*EXERCISE BRIEF:* Transcribe, word for word, every line from the one containing "Papua New Guinea" through the final line of the records, and omit the pictures.

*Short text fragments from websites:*
↓
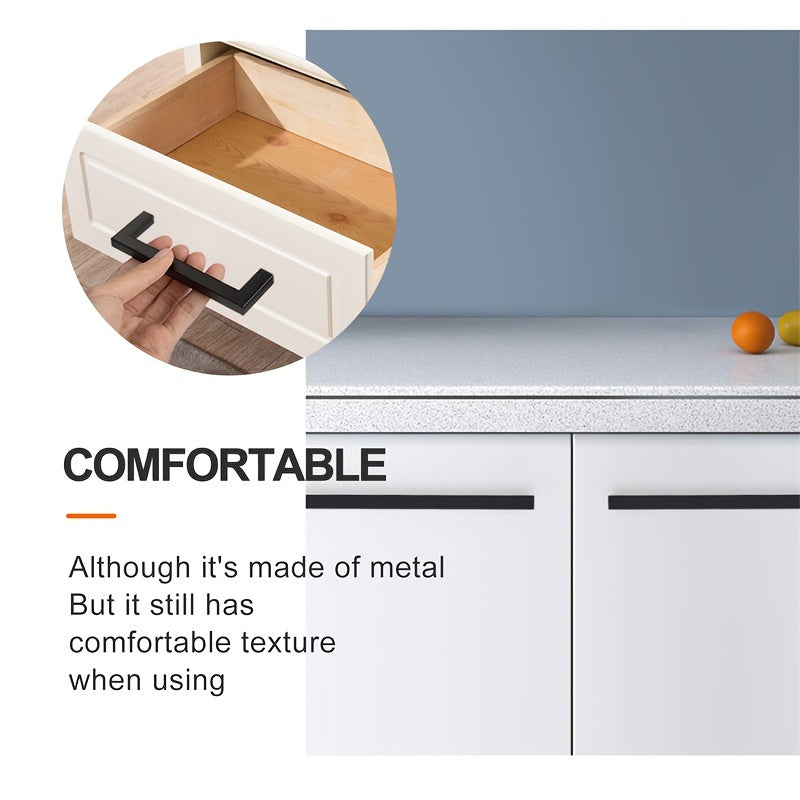 10pcs Matte Black Stainless Steel Cabinet Handles - Modern Square Drawer Pulls for Kitchen, Bathroom & Bar, Bar Cabinet, Hardware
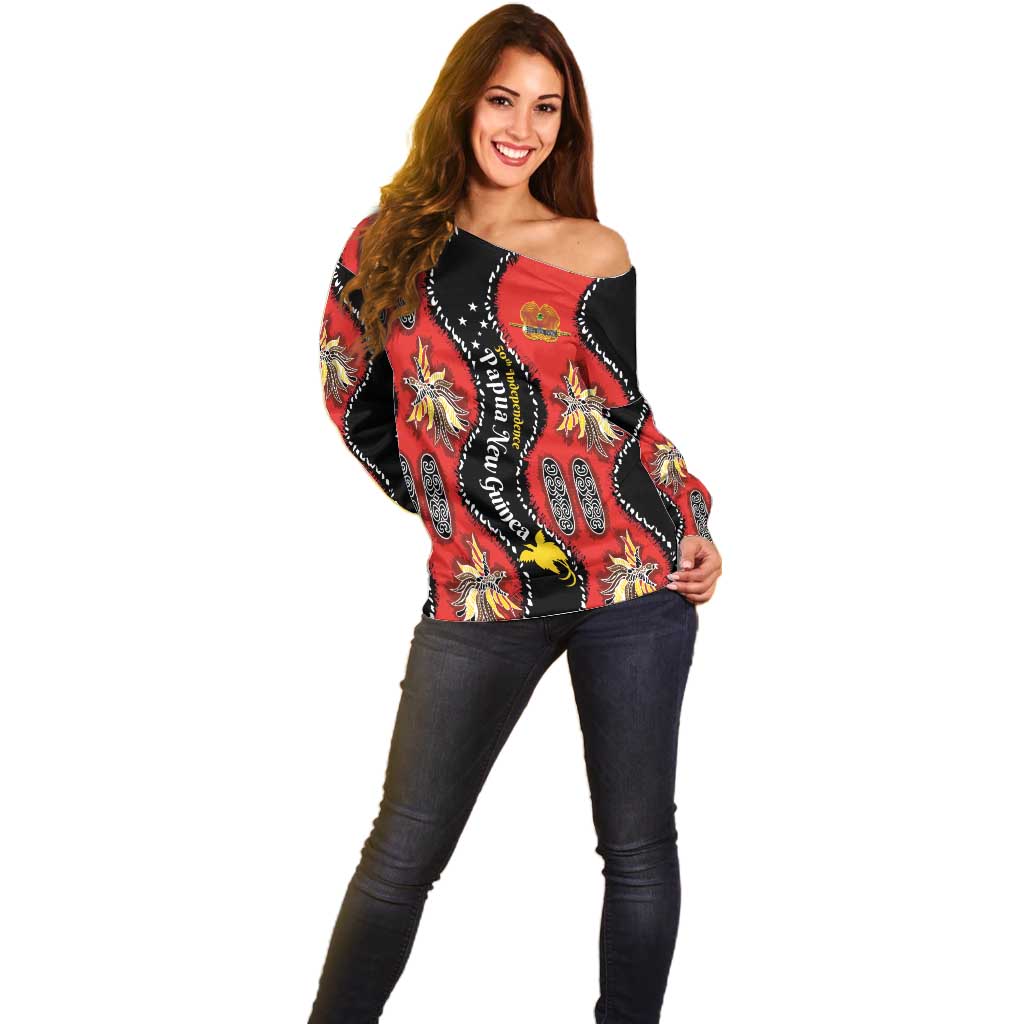 Papua New Guinea 50th Independence Off Shoulder Sweater PNG Batik Pattern - Polynesian Pride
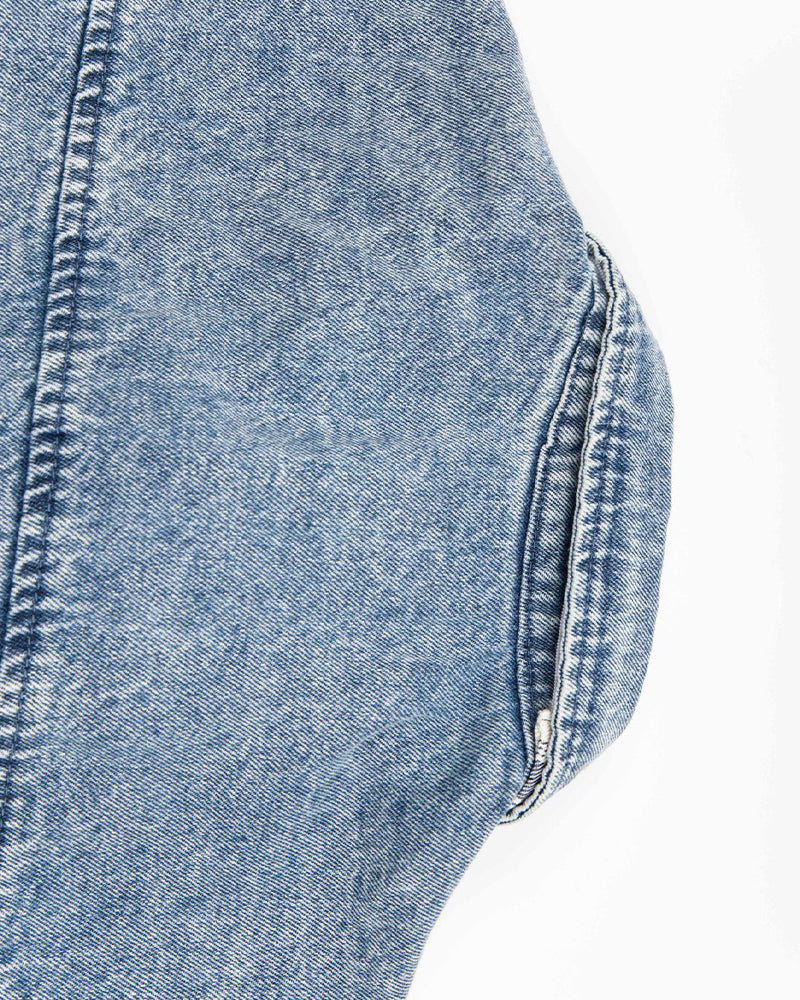 カラーブロックデニム半袖シャツ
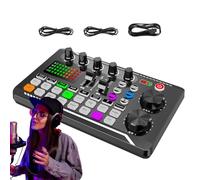 Live Sounds Card, Podcast Production Studio Equipment, 7 Recording Modes, 4 Sound Change Modes, Sound Effects Board for Streaming, Podcasting, 9.06x5.71x1.97 inches, Black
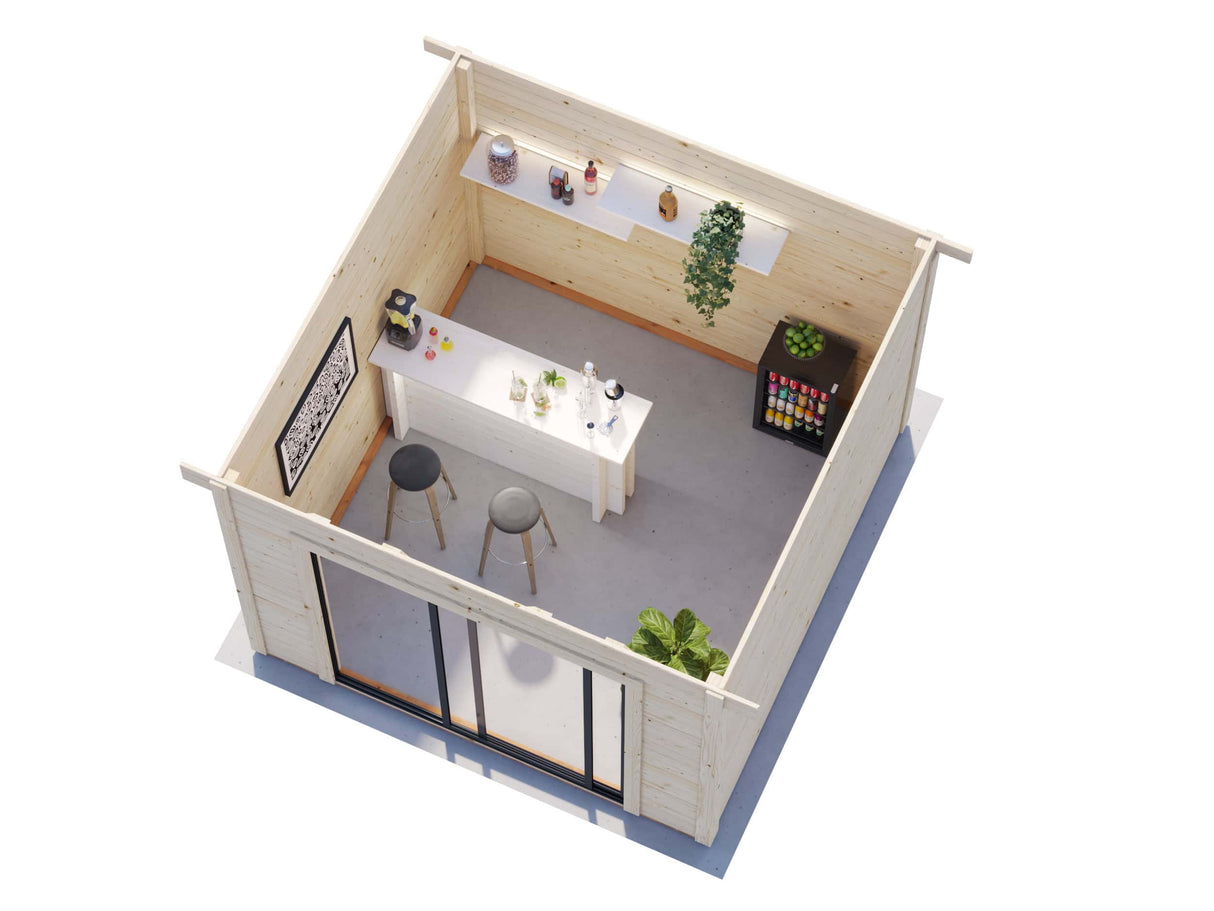 Lydia S (3x3m | 8m2 | 28mm) Compact Sliding Door Summer House with Endless possibilities - Guest Room, Home Gym or Summer Office - Palmako UK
↑
*SOLVED EXERCISE:*
 Papua New Guinea 50th Independence Off Shoulder Sweater PNG Batik Pattern - Polynesian Pride
 カラーブロックデニム半袖シャツ
 Live Sounds Card, Podcast Production Studio Equipment, 7 Recording Modes, 4 Sound Change Modes, Sound Effects Board for Streaming, Podcasting, 9.06x5.71x1.97 inches, Black
 Lydia S (3x3m | 8m2 | 28mm) Compact Sliding Door Summer House with Endless possibilities - Guest Room, Home Gym or Summer Office - Palmako UK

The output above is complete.